玄奘法师(600-664)是隋唐时人,杰出的翻译家,法相宗的创始人。法师自幼聪慧敦厚,温文尔雅,仪表非凡,跟从仲兄诵习儒道经典,勤学不懈。
玄奘十三岁时随仲兄长捷在洛阳净土寺出家,听讲《涅槃经》,受习《摄大乘论》。大业八年(612年),洛阳选拔二十七人出家为僧。主考大理寺卿郑善果见法师年纪虽小,却对答出众,问他出家目的何在?法师答道:“意欲远绍如来,近光遗法。”主考赞许他器宇非凡,志向高远,破格以沙弥身分录入僧籍。
隋唐之际,天下大乱,兄弟二人从洛阳出发,经过长安抵达成都,开始了参谒耆宿,寻师访道的参学生活,足迹遍及半个中国。法师在成都学习《摄大乘论》、《阿毗昙论》,听受《迦延论》。唐武德三年(620年),法师年满二十岁,在成都空慧寺受具足戒,并学习戒律。

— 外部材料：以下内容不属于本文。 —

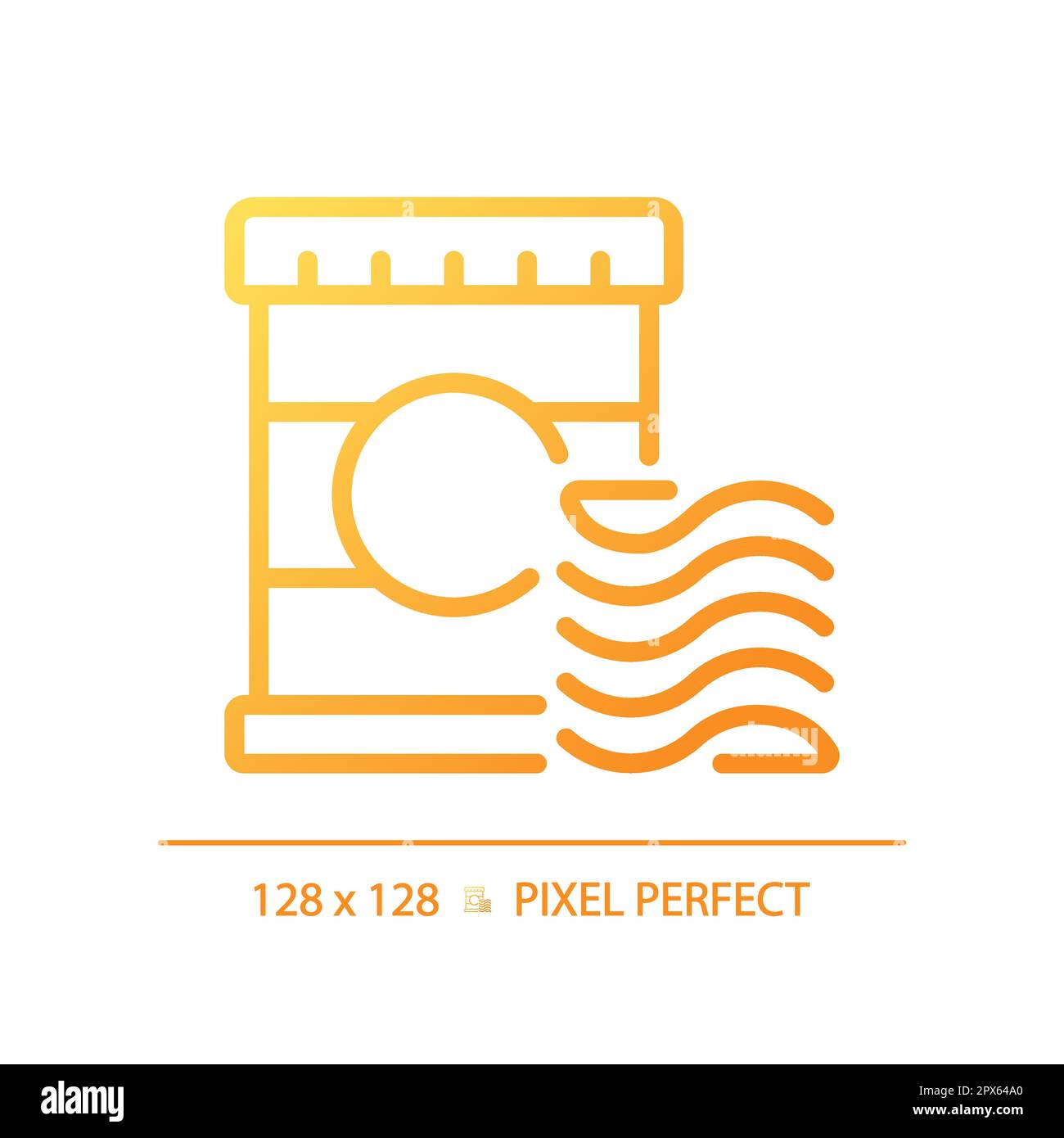 Chips pixel perfect gradient linear vector icon Stock Vector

后又北上受习《成实论》和《俱舍论》。在长安,他听当时佛门大德法常、僧辩二位法师讲《摄大乘论》,质疑问难,纵横论辩,众时贤深为其智慧与才学所折服,赞叹他为“释门千里之驹”,而法师也因此誉满京城。
在参学访道的过程中,玄奘法师发现当时众多高僧对佛法的见解不一,没有定准。因印度尚有很多梵本没有译为中文,加上前人所译经论多采用意译,使得很多问题,无法解答,让后学们无可适从。为解决这些根本问题,玄奘大师发愿前往天竺寻访原始梵本经典,探求佛法真义。

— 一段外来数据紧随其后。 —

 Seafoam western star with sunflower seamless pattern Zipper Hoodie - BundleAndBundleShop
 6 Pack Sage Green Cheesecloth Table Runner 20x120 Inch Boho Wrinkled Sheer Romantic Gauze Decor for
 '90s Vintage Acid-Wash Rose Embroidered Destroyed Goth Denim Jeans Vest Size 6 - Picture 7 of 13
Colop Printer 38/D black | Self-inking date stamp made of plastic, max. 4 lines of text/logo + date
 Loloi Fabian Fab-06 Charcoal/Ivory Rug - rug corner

贞观元年(627年),法师决意西行。因从中土前往西域,必须要得到皇帝的特许,他二度上表陈情,但没有获得批准。但他仍冒险出关,由长安经秦州(今甘肃天水一带)、兰州抵达凉州(今甘肃武威)。可是刚到不久,长安的追捕令也紧随其至。法师唯有昼伏夜行,历尽艰险,穿过甘肃走廊,抵达瓜州(今甘肃西北部),不顾留难,执意前行。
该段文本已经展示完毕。